The first car based on the new architecture will arrive next year.
McLaren has unveiled the next generation of its carbon fibre architecture which will form the basis of the British brand's upcoming range of electrified cars.
The architecture, produced with hybrid powertrains in mind, has been designed and developed at the McLaren Composites Technology Centre (MCTC) in Sheffield using "word-first processes and techniques" to reduce lightness without compromising safety.
The first car to use the new architecture is set to launch next year.
"The new ground-breaking vehicle architecture is every bit as revolutionary as the MonoCell chassis we introduced with the company’s first car, the 12C, when we first embarked on making production vehicles a decade ago," said McLaren Automotive chief executive Mike Flewitt.
"This new, ultra-lightweight carbon fibre chassis boasts greater structural integrity and higher levels of quality than ever before with our new MCTC facility quickly becoming recognised as a global centre of excellence in composite materials science and manufacturing.

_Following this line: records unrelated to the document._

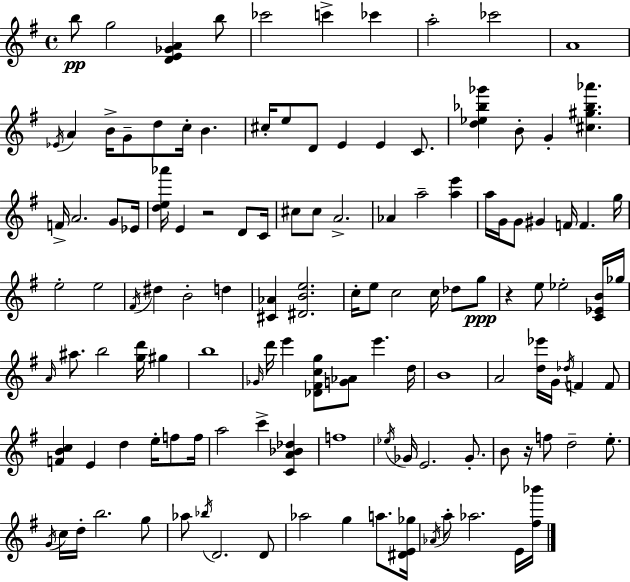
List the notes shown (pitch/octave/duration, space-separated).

B5/e G5/h [D4,E4,Gb4,A4]/q B5/e CES6/h C6/q CES6/q A5/h CES6/h A4/w Eb4/s A4/q B4/s G4/e D5/e C5/s B4/q. C#5/s E5/e D4/e E4/q E4/q C4/e. [D5,Eb5,Bb5,Gb6]/q B4/e G4/q [C#5,G#5,Bb5,Ab6]/q. F4/s A4/h. G4/e Eb4/s [D5,E5,Ab6]/s E4/q R/h D4/e C4/s C#5/e C#5/e A4/h. Ab4/q A5/h [A5,E6]/q A5/s G4/s G4/e G#4/q F4/s F4/q. G5/s E5/h E5/h F#4/s D#5/q B4/h D5/q [C#4,Ab4]/q [D#4,B4,E5]/h. C5/s E5/e C5/h C5/s Db5/e G5/e R/q E5/e Eb5/h [C4,Eb4,B4]/s Gb5/s A4/s A#5/e. B5/h [G5,D6]/s G#5/q B5/w Gb4/s D6/s E6/q [Db4,F#4,C5,G5]/e [G4,Ab4]/e E6/q. D5/s B4/w A4/h [D5,Eb6]/s G4/s Db5/s F4/q F4/e [F4,B4,C5]/q E4/q D5/q E5/s F5/e F5/s A5/h C6/q [C4,A4,Bb4,Db5]/q F5/w Eb5/s Gb4/s E4/h. Gb4/e. B4/e R/s F5/e D5/h E5/e. G4/s C5/s D5/s B5/h. G5/e Ab5/e Bb5/s D4/h. D4/e Ab5/h G5/q A5/e. [D#4,E4,Gb5]/s Ab4/s A5/e Ab5/h. E4/s [F#5,Bb6]/s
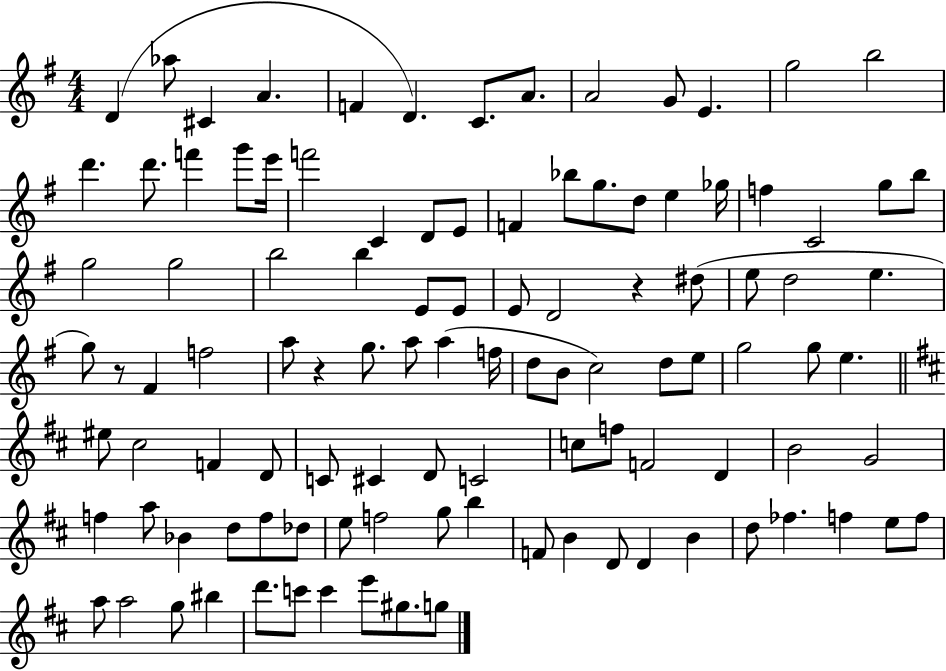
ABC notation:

X:1
T:Untitled
M:4/4
L:1/4
K:G
D _a/2 ^C A F D C/2 A/2 A2 G/2 E g2 b2 d' d'/2 f' g'/2 e'/4 f'2 C D/2 E/2 F _b/2 g/2 d/2 e _g/4 f C2 g/2 b/2 g2 g2 b2 b E/2 E/2 E/2 D2 z ^d/2 e/2 d2 e g/2 z/2 ^F f2 a/2 z g/2 a/2 a f/4 d/2 B/2 c2 d/2 e/2 g2 g/2 e ^e/2 ^c2 F D/2 C/2 ^C D/2 C2 c/2 f/2 F2 D B2 G2 f a/2 _B d/2 f/2 _d/2 e/2 f2 g/2 b F/2 B D/2 D B d/2 _f f e/2 f/2 a/2 a2 g/2 ^b d'/2 c'/2 c' e'/2 ^g/2 g/2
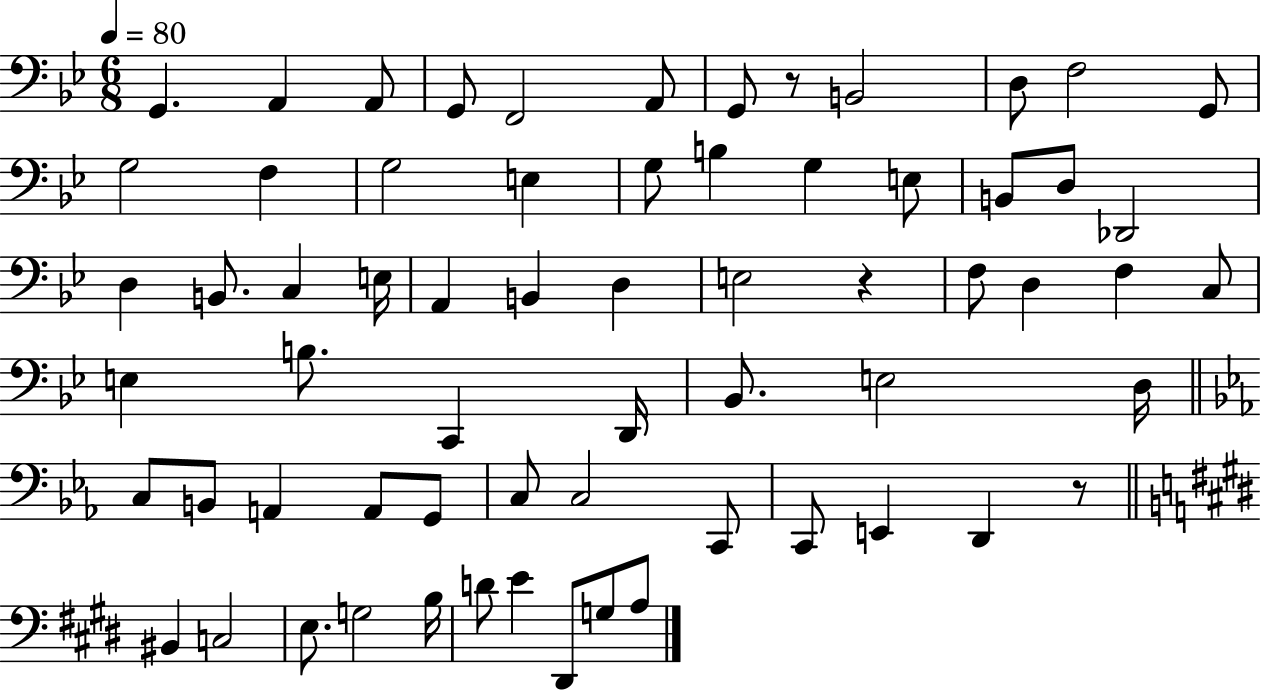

"Our advanced expertise in light weight composites processes and manufacturing combined with our experience in cutting-edge battery technology and high-performance hybrid propulsion systems means we are ideally placed to deliver to customers levels of electrified high-performance motoring that until now have simply been unattainable."
While hybrids are in McLaren's short-term future, Flewitt said that the new platform leaves the door open for the adoption of fully electrified vehicles.
"For us, light-weighting and electrification go hand-in-hand to achieve better performance as well as more efficient vehicles," he said.